CW: Dick, shall we start with you or the bakery or the newspapers.

DB: Either one is okay.

CW: Let’s do the bakery, it sounds interesting.

DB: My dad worked at Chubb’s Bakery for 37 years.

CW: I remember those rolls at Chubb’s, they just melted in your mouth. They were so good!

DB: Cody Chubb was a brother-in-law to my dad. His wife Maude was my dad’s sister. That is how my parents became involved with the bakery.

CW: You know I remember interviewing Dorothy Vocke. She said that when she was a little girl she worked at that bakery. After everybody had gone home she said the football team boys would come in hoping to get a handout from what was left in the bakery.

DB: My mother worked there too as a clerk before she went to the courthouse. Then she worked at the courthouse in different departments there.

CW: That is how Florian Sauer met his wife. She worked there.

DB: I don’t remember that but Deak Herman, his wife Viola also worked at the bakery.

CW: He was a prosperous man in his business.

DB: I used to stop up there quite often after grade school many hours and watch my dad bake. I really enjoyed that.

CW: Did he let you do anything around the bakery?

DB: Oh no. I just watched.

CW: In those days people came into town just on weekends and the places would get very crowded.

DB: He worked nights so we had to be real quiet during the day. He would have to sleep during the day. I read that interview with Dorothy too and she talked about that horse drawn wagon. It used to stop on Yeager Street and I used to get to ride with him too.

CW: That would be a big thing when you are a kid.

DB: That horse knew exactly what to do. He knew when to go and when to stop.

CW: He didn’t have to tell it a thing or what to do.

DB: No he didn’t. That horse knew exactly what to do.

CW: I think Florian at that time delivered groceries out to people on farms.

LB: He stopped at our house.

CW: It was a very different time then.

DB: Getting back to schools, I went to Napoleon schools and in my Senior year I was called down to the Superintendent’s office.

CW: I bet that scared you.

DB: I thought oh no what did I do now! John Orwig was there and he interviewed me. Here they were looking for a young person to learn the linotype for their newspaper.

CW: Now would you please describe for me a linotype.

DB: It is what we call a line casting machine. It is a pretty good sized machine. The linotype operator enters characters from a keyboard, from which the machine assebles matrices (molds for letter forms) into a line. The machine then pours metal into the mold and casts a line of text as a single piece of metal, called a slug (hence the machine’s name as a linotype produces a “line “o type).

CW: That would have saved you some time.

DB: Oh yes very much so. I went to school to learn the linotype down in southern Indiana in a town called English. They had a linotype school there. It used to be up here in Maumee, Ohio. When I started to school they had moved the school down to southern Indiana.
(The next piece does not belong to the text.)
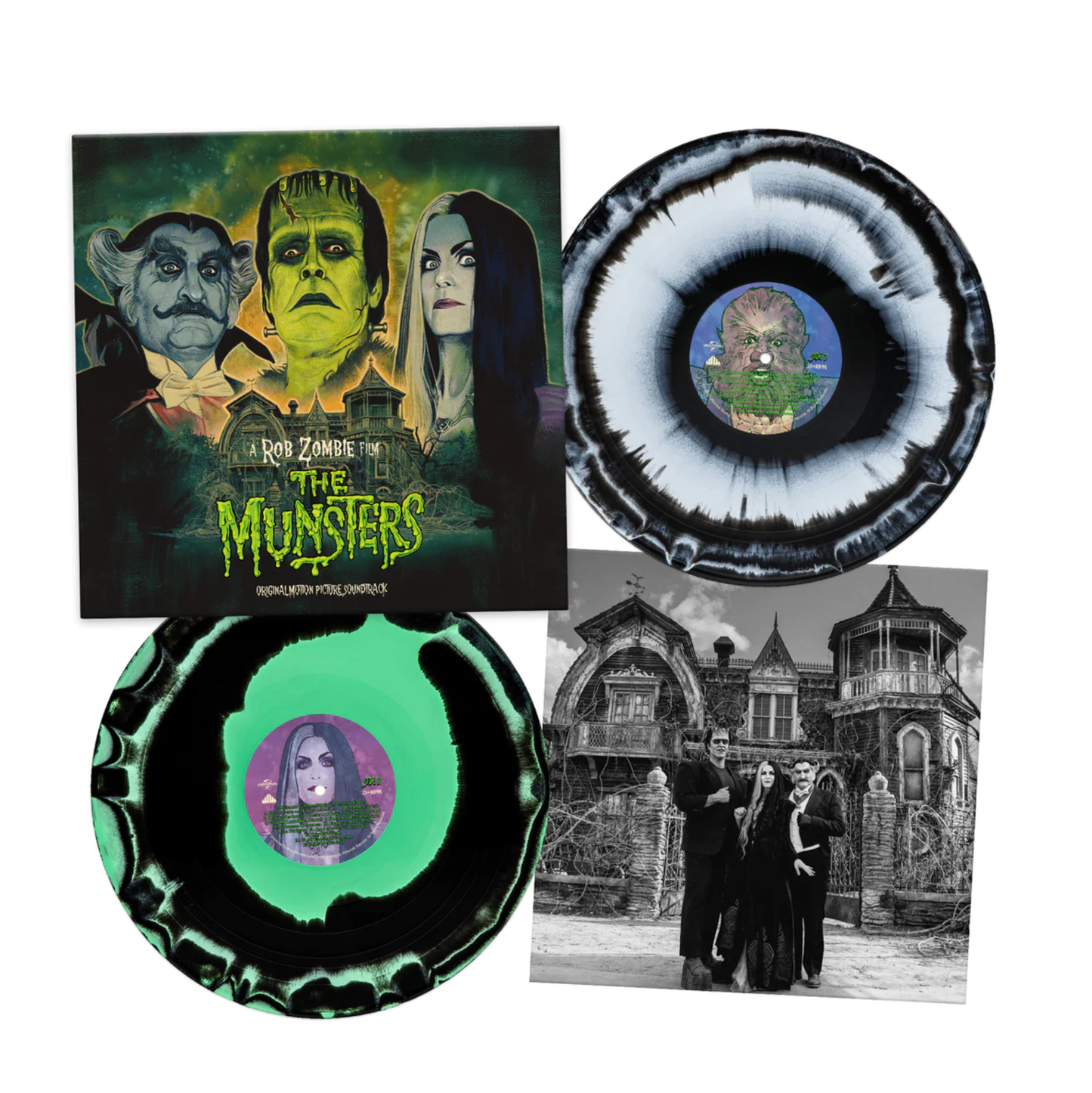 Rob Zombie's "The Munsters" Soundtrack Vinyl Record - Black/Monster Green Swirl & Black/Vampire White Swirl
I went there for six weeks to learn the trade. We stayed in private homes
down there.

CW: That would have been alright.

DB: I came back in September of 1949 and worked for the Henry County Signal. That is how I started my job at the newspaper.

CW: How many years did you work for the Signal?
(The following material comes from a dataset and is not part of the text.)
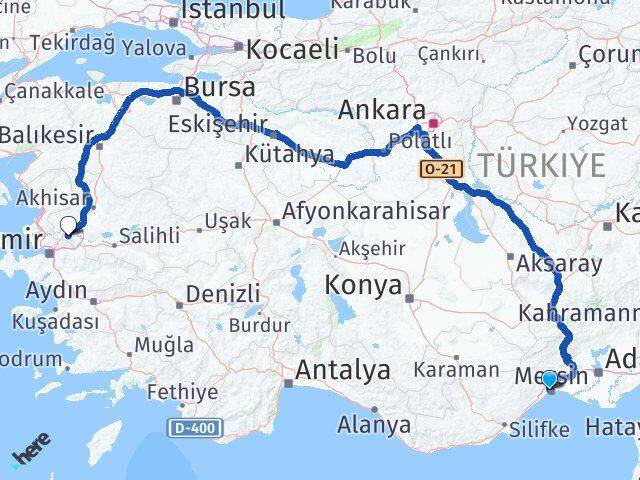 Mersin Yenişehir Manisa Arası Kaç Km - Yol Haritası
DB: I worked there for thirteen years, it became a combination of two newspapers. In 1968 I went over to Glanz Printing in Wauseon. The reason I left was the time period was coming when they would no longer be using the linotype machine.

CW: Oh so you could see that coming! Now how could you know that?

DB: That was just what all the newspapers were doing. They were all switching to computers. It was a different type of printing. It was being printed directly from a photograph. It was altogether different.

CW: I bet it was faster too.

DB: Yes.

CW: Going back to that first job you had when you were in high school did you have any inkling – no you must not have had.

DB: I had no idea what a linotype machine was at that time.

CW: Oh is that right!

DB: I was thinking about going to college at Bowling Green. After my conversation at the office I decided to take their option. I left the newspaper in 1951 and enlisted in the Navy.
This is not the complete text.